Permanency Success Story of the Week: It’s a Miracle Being Adopted: Ariana’s Story
Dave Thomas Foundation for Adoption’s Wendy’s Wonderful Kids program – When Ariana was five years old, she had to be removed from her birth mother’s house after enduring years of abuse. “I had nightmares every single day. It was just really scary for me living there,” she shared. “I thought, ‘Where am I going to live? Who is going to take care of me? How am I going to make friends?’”
Sadly, Ariana’s experience is not unique. Far too many children are entering foster care because of abuse and neglect and many are not returning to their birth families because it is simply not safe. For more than five years, Ariana bounced between foster homes, longing for a permanent home.
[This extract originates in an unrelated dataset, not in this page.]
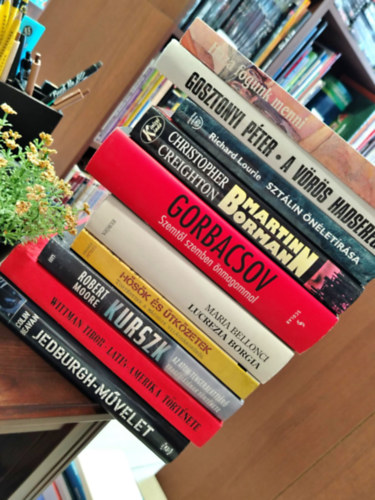 Maria Bellonci, Tibor Wittman Gosztonyi P�ter - K�NYVMENT� AJ�NLAT, 10 DB. Vil�gt�rt�nelem. Haza fogunk menni+ A V�r�s Hadsereg+ Szt�lin �n�let�r�sa+ Martin Borman+ Gorbacsov+ Lucrezia Borgia+ H�s�k �s �tk�zetek+ Kurszk+ Latin-Amerika t�rt�nete+ Jedburgh-m�velet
That dream came true in 2014 when she was adopted by Chris and Joanna McIntyre with support from the Dave Thomas Foundation for Adoption and her Wendy’s Wonderful Kids recruiter, Chelsea.
“I am so thankful for Chelsea,” said Ariana. “She feels like part of my family.” After Ariana moved in with the McIntyre’s, Chelsea visited the family every month, helping Chris and Joanna navigate the adoption process. “We jumped from no kids straight into parenting a 10-year-old. It was a huge change,” says Joanna. “Chelsea was an awesome support.” Now, Chris and Joanna can’t imagine their lives any other way. They have since adopted five more children from foster care: Adam, Conor, Gabe, Matthew, and Winter…
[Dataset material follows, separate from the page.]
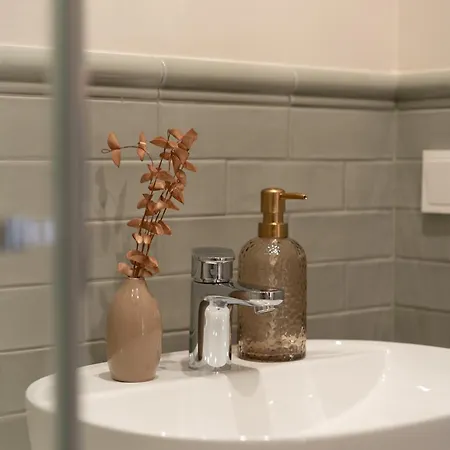 Red Roof Old Town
Permanency Related Articles:
Canadian Broadcasting Company (CBC) News – The Yukon government and the Council of Yukon First Nations say they are working together on a new program that aims to reunite children in foster care with their families or, at the very least, their culture.
The initiative, called Honouring Connections, has the Yukon government work with the First Nation of the child in care to develop a cultural connection plan for that child. Youth who can’t be reconnected with their immediate or extended family will still be connected to their community and culture. The initiative, launched in January, is also aimed at reducing the number of Indigenous children in care. As of October, 83 percent of children in care were Indigenous.
“We will continue to work toward a goal of enabling 14 Yukon First Nations to participate in the process to keep children and youth in their home communities and out of our care system,” said Pauline Frost, Yukon’s health minister. Peter Johnston, Council of Yukon First Nations grand chief, said this program will have an impact on how the youth grow up.
“The more that children have the opportunity to know who they are and where they’ve come from … the more that they grow up with that responsibility, that accountability to the world.”
Los Angeles Times – The Daily Pilot – Christian, 22, a former foster youth, is a recipient of a U.S. Housing and Urban Development housing assistance initiative launched this year that provides vouchers to help provide stable housing for young adults aging out of foster care. Giggling with excitement, Christian, a 22-year-old former foster youth, showed off his new apartment in Tustin on Thursday.
“I couldn’t believe it was my place,” Christian said. “It’s my place, my decision. I don’t have to listen to other people’s rules. This Christmas, he has his own home for the first time since he was 9 years old. The Orange County native has been homeless for the last three years, since aging out of the foster care system at 18. Shortly after, Christian suffered a traumatic brain injury when he was hit by a car and was in a coma for six months. After waking up, the young man slept at a Santa Ana homeless shelter called the Link for nearly a year. He asked we not use his last name out of concern his background will harm job prospects.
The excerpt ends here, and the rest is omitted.